Dalam minggu-minggu terakir ini, perbincangan kritis mengenai penulisan ulang sejarah Indonesia mengemuka ke khalayak ramai dan memunculkan perdebatan serta kontroversi. Kalangan aktivis Hak Asasi Manusia (HAM) dan sejarahwan publik mempertanyakan ketidaktransparannya rencana proses penulisan ulang sejarah Indonesia. Selain itu, mengacu pada kerangka konsep penulisan sejarah Indonesia yang beredar dan menjadi satu-satunya referansi mengenai rencana penulisan ulang sejarah Indonesia ada beberapa hal yang patut dipertanyakan.

Ambisi untuk menyelesaikan penulisan ulang sejarah Indonesia dalam 10 jilid dan diupayakan menjadi sejarah resmi (Official History) memiliki kepentingan politik kekuasaan. Kalangan aktivis HAM mempertanyakan potensi penghilangan sejarah pelanggaran HAM masa lalu diujung masa Orde Baru, seperti kasus penculikan aktivis, penembakan mahasiswa dan perkosaan masal Mei 1998. Kalangan aktivis perempuan mempertanyakan absennya pembahasan tentang Kartini, Sejarah Konggres Perempuan Indonesia pertama tahun 1928 serta pengalaman gerakan perempuan Indonesia. Tidak ada jejak orang kecil dan kelompok-kelompok marginal dalam sejarah Indonesia seperti buruh, nelayan, petani, pekerja migran apalagi masyarakat adat.
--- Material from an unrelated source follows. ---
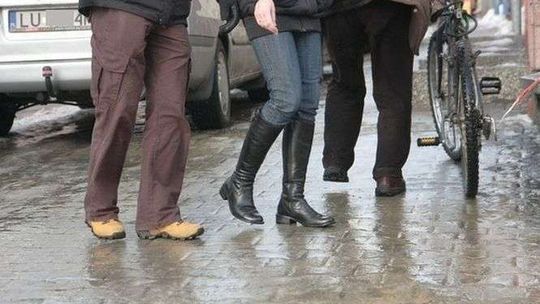 Ostrzeżenie dla woj. lubelskiego. Uwaga kierowcy i piesi!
Hubungan erat Indonesia dan Australia yang terjalin selama berabad-abad tak dituliskan. Misalnya tentang pembentukan Jalur Teripang yang memperlihatkan perjalanan nelayan pencari teripang dari Bugis ke Australia Utara jauh sebelum kedatangan imigran Eropa ke Australia. Juga tentang solidaritas pelaut antar bangsa (Indonesia, Australia, Cina dan India) yang melakukan pemogokan di pelabuhan-pelabuhan Australia menolak untuk melayani kapal Belanda yang berisi senjata untuk memerangi pejuang kemerdekaan Indonesia.